*Exercise instructions:*
Leaving pictures aside, restate exactly the lines of the data below, from the first one through the line that contains "Chart Mini Future Long RWE - 1 Jahr".

[Stored data]
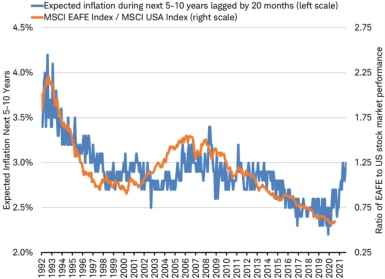  Line graph illustrates correlation between expected inflation in the next 5 to 10 years, lagged twenty months, and the stock performance ratio of the MSCI EAFE index and the MSCI US Index.
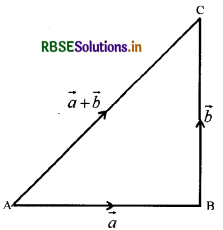 RBSE Class 12 Maths Notes Chapter 10 सदिश बीजगणित 6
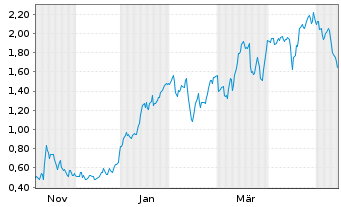 Chart Mini Future Long RWE - 1 Jahr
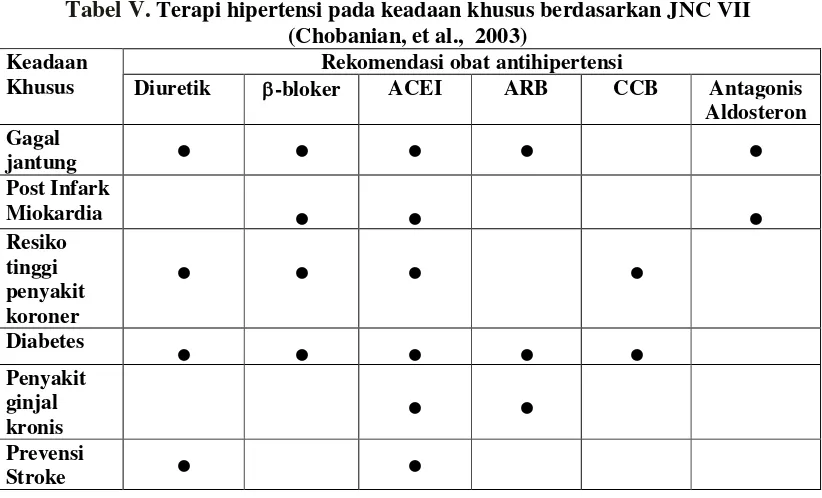 Tabel V. Terapi hipertensi pada keadaan khusus berdasarkan JNC VII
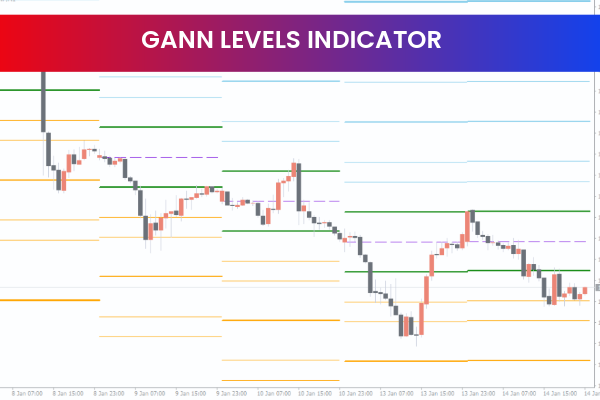 Gann Levels Indicator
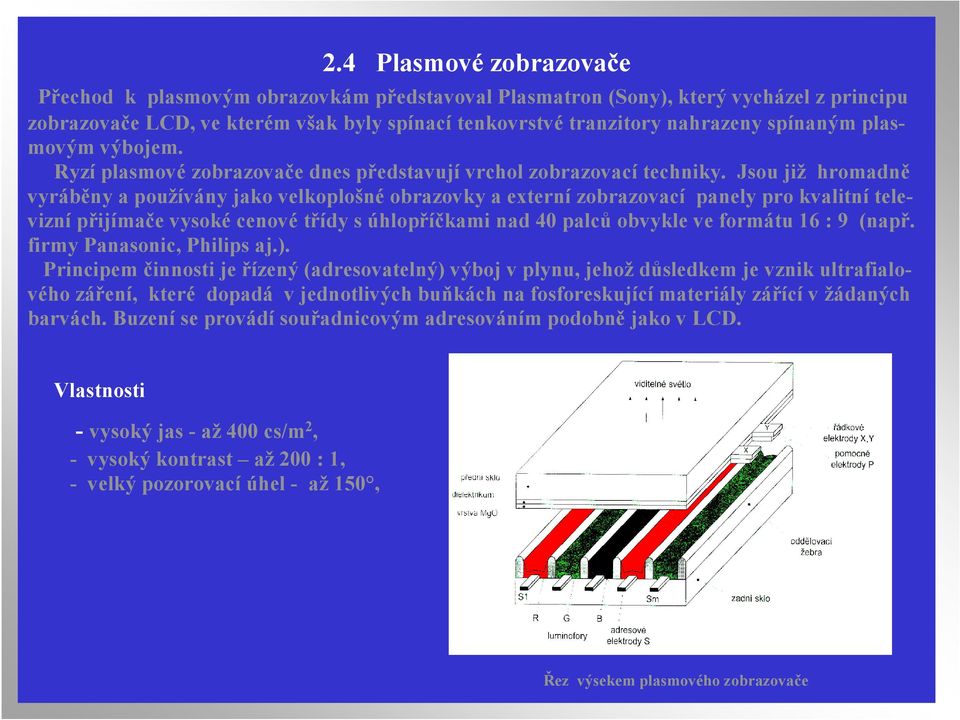 Jsou již hromadně vyráběny a používány jako velkoplošné obrazovky a externí zobrazovací panely pro kvalitní televizní přijímače vysoké cenové třídy s úhlopříčkami nad 40 palců obvykle ve formátu 16 :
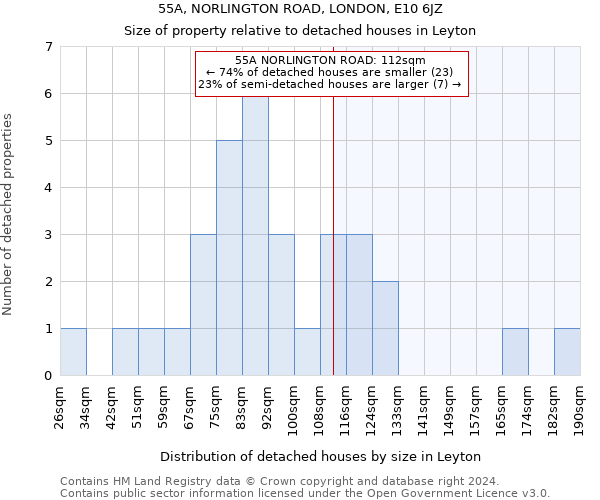 55A, NORLINGTON ROAD, LONDON, E10 6JZ: Size of property relative to detached houses in Leyton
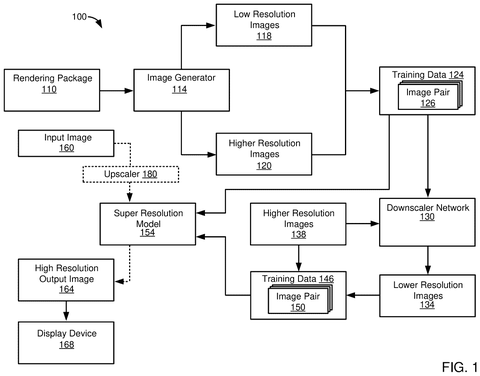 Training setup for clearer graphics, drawing sheet 1 from US 2026/0306944 A1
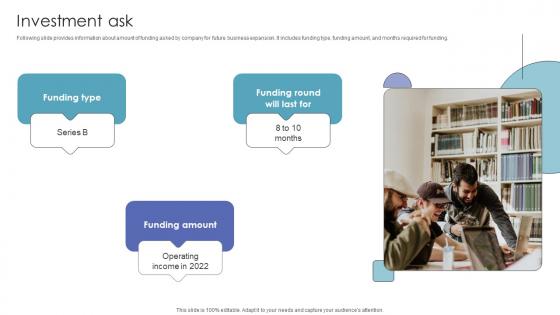 Investment Ask Investor Funding Pitch Deck For Automated Ar Platform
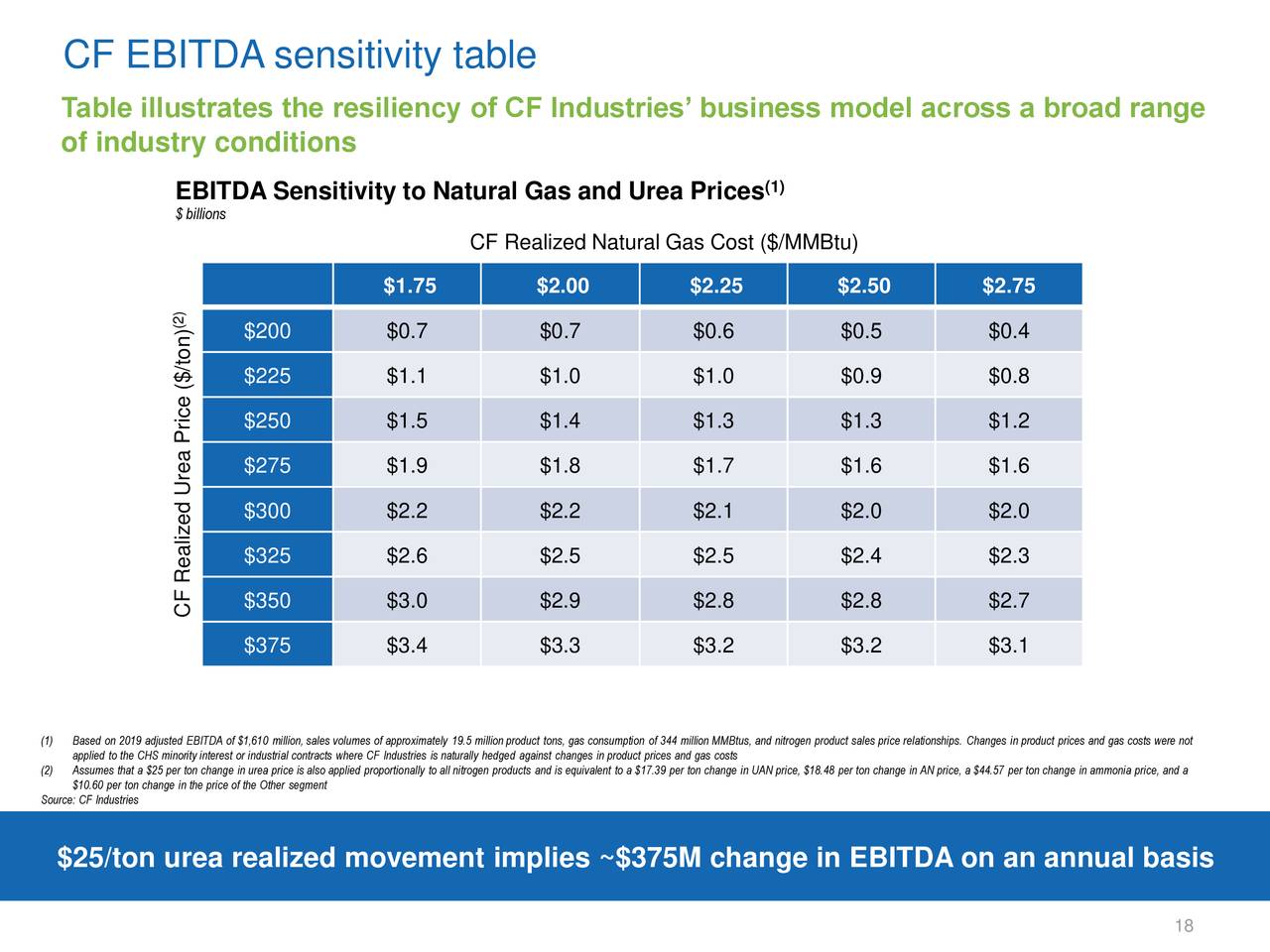 CF Industries Holdings, Inc. 2020 Q1 Results Earnings Call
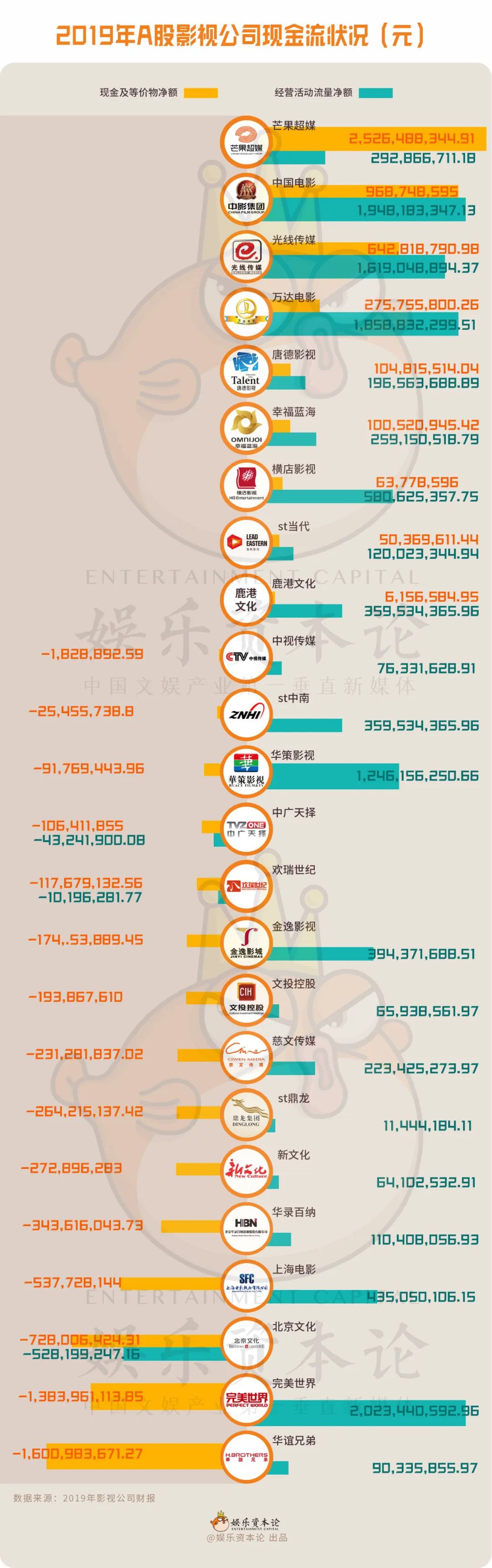 财务如何分析一个行业，我们从25份影视公司2019财报说起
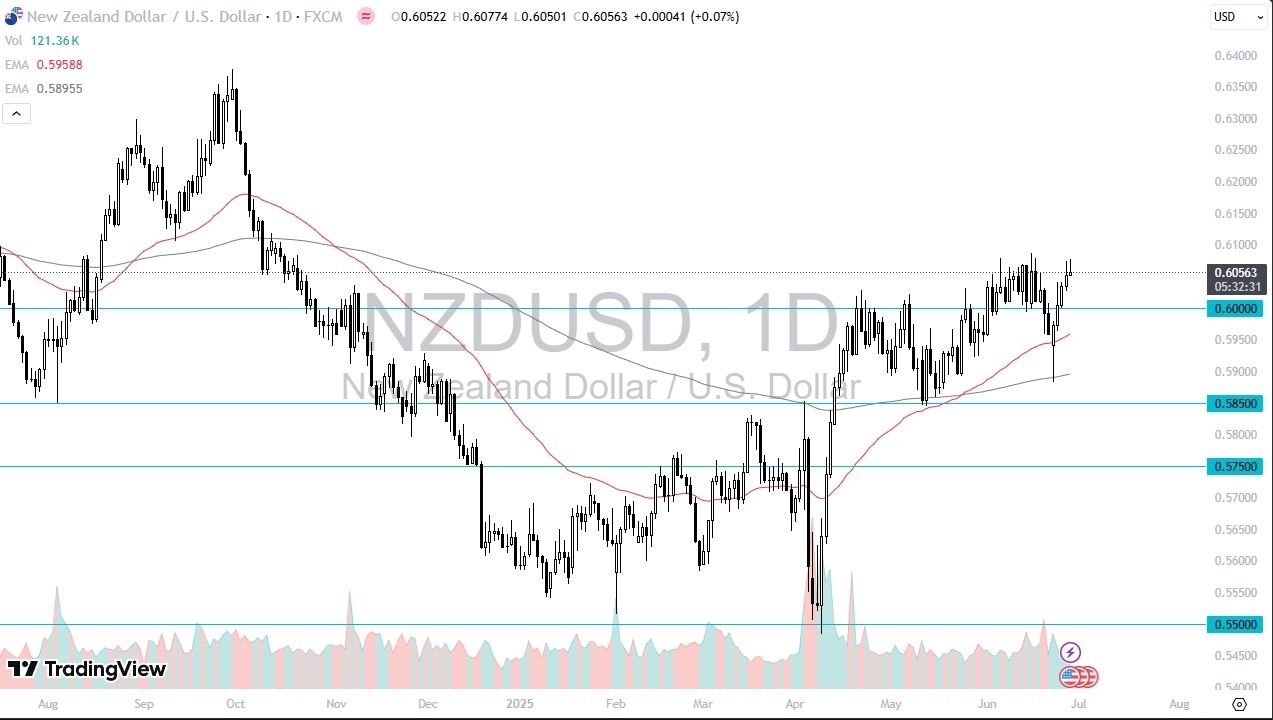 【XM Group】--NZD/USD Forecast: Retreats After Initial Rally: Key Levels in Focus(图1)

*Solution:*
  Line graph illustrates correlation between expected inflation in the next 5 to 10 years, lagged twenty months, and the stock performance ratio of the MSCI EAFE index and the MSCI US Index.
 RBSE Class 12 Maths Notes Chapter 10 सदिश बीजगणित 6
 Chart Mini Future Long RWE - 1 Jahr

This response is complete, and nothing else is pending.